Business was bitten by an overall decline in commerce and those involved in the forestry industry took an especially hard hit; construction slowed and there was an overall move to lessen the need for paper products.
At the time, it wasn’t difficult to surmise that launching a forestry equipment business would be a tough task.
Yet, in 1992, visionaries went ahead and founded Tigercat in Brantford, Ont. It is now 2017 and the designer and manufacturer of forestry equipment and specialty off-road industrial machinery is thriving and celebrating its silver anniversary.
Tigercat was the brainchild of current CEO Ken MacDonald. At the time, he was running MacDonald Steel, a component fabricator for several established mobile equipment manufacturers.
He was joined by company president Tony Iarocci and his 20 years of experience in engineering, sales and marketing at Koerhing Waterous; a maker of pulp mill equipment and forestry machinery.
Iarocci admits there was skepticism regarding the enterprise’s chances, but adds that forestry and heavy equipment manufacturing has always been a cyclical business.
“The fact the economy is in a slump actually serves as a motivator to embark on new ventures,” he recalls. “Ken MacDonald’s vision, the superior manufacturing capabilities of MacDonald Steel and my background in logging equipment were elements pointing to a high probability of success.”
Aided by MacDonald’s ability to fly his own airplane, the pair focused on the southeastern United States, contacted numerous logging contractors and compiled significant market research.
Iarocci said they identified “an opportunity to provide loggers with a better drive-to-tree feller buncher.”
Tigercat tackles new expectations
Consensus among the loggers was that this type of machinery was falling below their expectations; particularly in terms of mechanical reliability and longevity.
“We also met many prospective dealers and customers who were anxious to sell and use more productive and more durable equipment,” says Iarocci.
Tigercat addressed the loggers’ needs with the 726 feller buncher. Its virtues included an automatic variable speed that promoted fuel efficiency and an automatic reversing cycle to more effectively purge dust and debris.
The 726 feller bunchers also garnered accolades for their fast travel speeds and overall productivity.
Still, bringing a strong product to market does not guarantee business success. Potential customers will shy away, if they feel there’s an inadequate after-sale service system in place.
Fortunately, the good word about Tigercat machinery spread quickly and established dealer networks, which enthusiastically embraced the product line.
“News of the excellent performance and build quality of the first few machines spread fast” recalls Iarocci, “and this worked in our favour in attracting established equipment dealers throughout the southeast United States.
“These pioneering dealers helped us to address the support concerns of those first customers, and we have continued to develop an ever-broadening product line to attract the best dealers in the industry to support our customers around the world.”
Business enterprises that are continually successful have one thing in common. Despite their accomplishments, they know they must always do better. Tigercat is no exception.

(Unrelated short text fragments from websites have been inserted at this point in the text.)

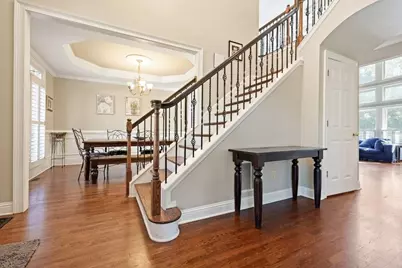 624 Devon Brooke Drive, Woodstock, GA 30188 - Photo 20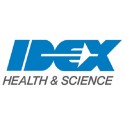 IDEX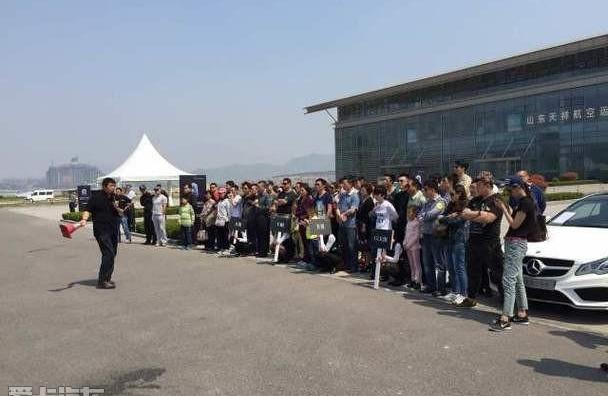 奔驰,奔驰E级,奥迪,奥迪A6,宝马5系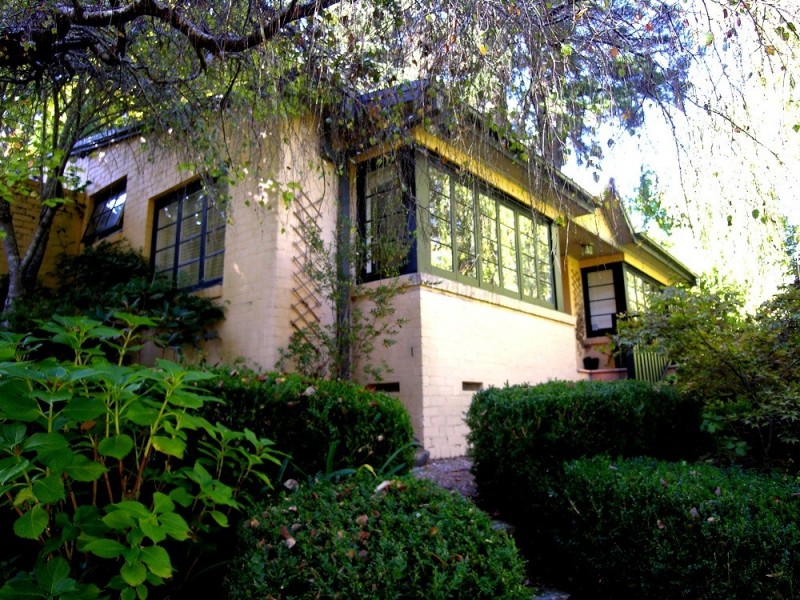 52 Jersey Avenue, Leura NSW 2780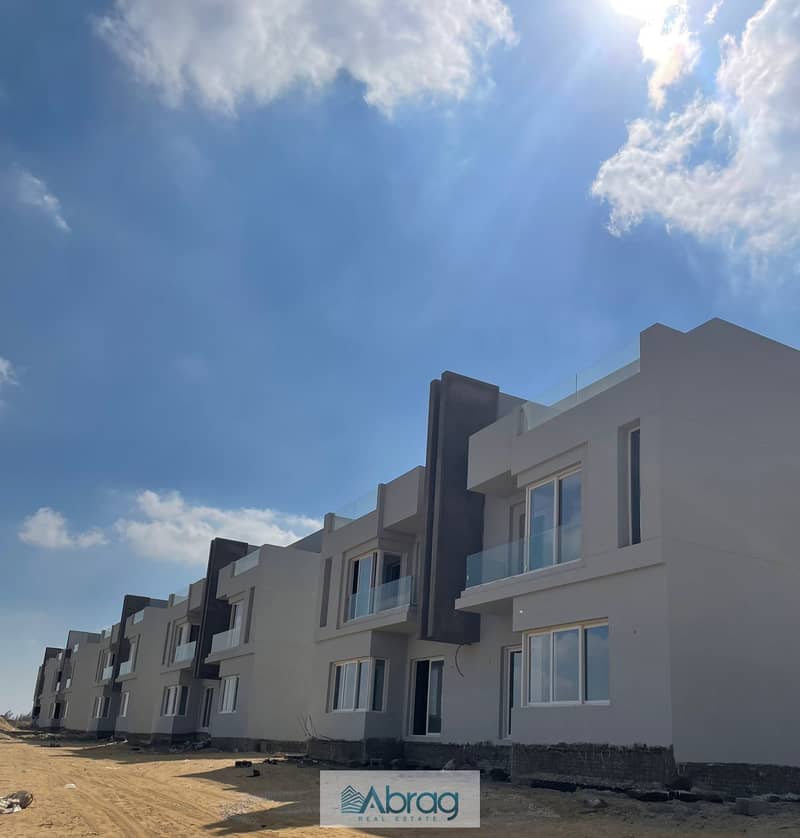 4 WhatsApp Image 2026-01-13 at 6.29. 44 PM (1). jpeg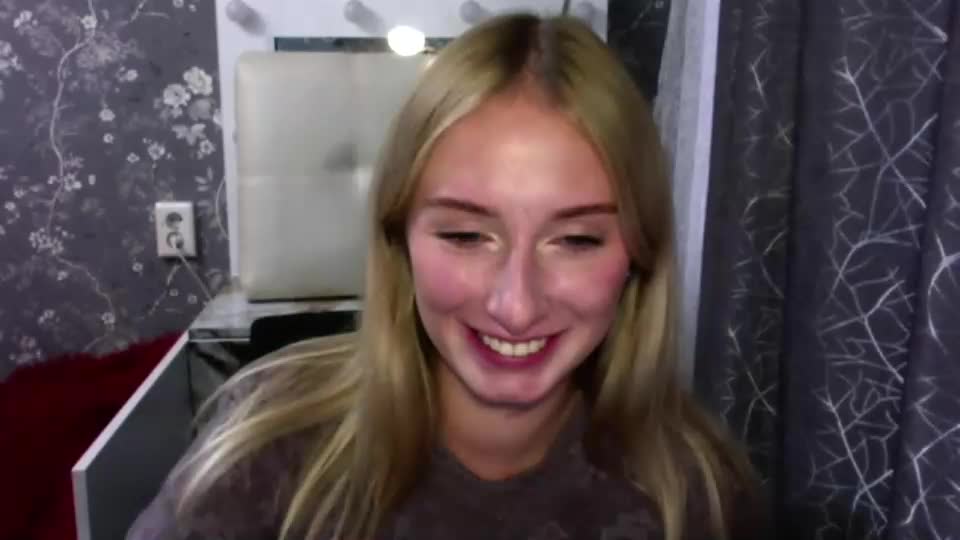 jennalomer Webcam Chat August 27, 2026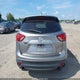JM3KE2BE3F0461630 2015 Mazda Cx-5 Sport auction photo thumbnail 17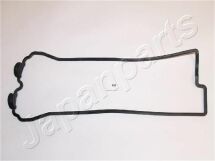 Прокладка клапанной крышки Nissan Micra 92–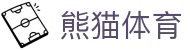 熊猫体育-(中国)熊猫体育河南上元基农业技术发展有限公司欢迎您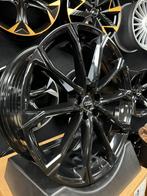 Jantes 21 pouces pour Audi RSQ3 look 5x112 A4 A5 A6 Q3 VW RS, Enlèvement ou Envoi, Neuf, Audi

For example, the company expanded and strengthened its American market niche with the first serial production hydrostatic skidder in 1996, and the launching of a new knuckleboom loader the following year.
In 2017 for example, Tigercat’s trend to a new and improved product line continues.
“Tigercat’s objective is growth,” states Iarocci. “We continue to add to our product offering by designing new models.”
He cites the prototype Tigercat 1185 Harvester; a heavy duty, premium quality, eight-wheel drive harvester designed for high production applications, steep slopes, tough terrain and demanding operating conditions.
“We will continue development of off road industrial machinery for specialized, niche applications in several industries including oil and gas, land development and construction and the utilities sector,” Iarocci said, “wherever mobile machinery is needed for challenging environments or severe duty applications.”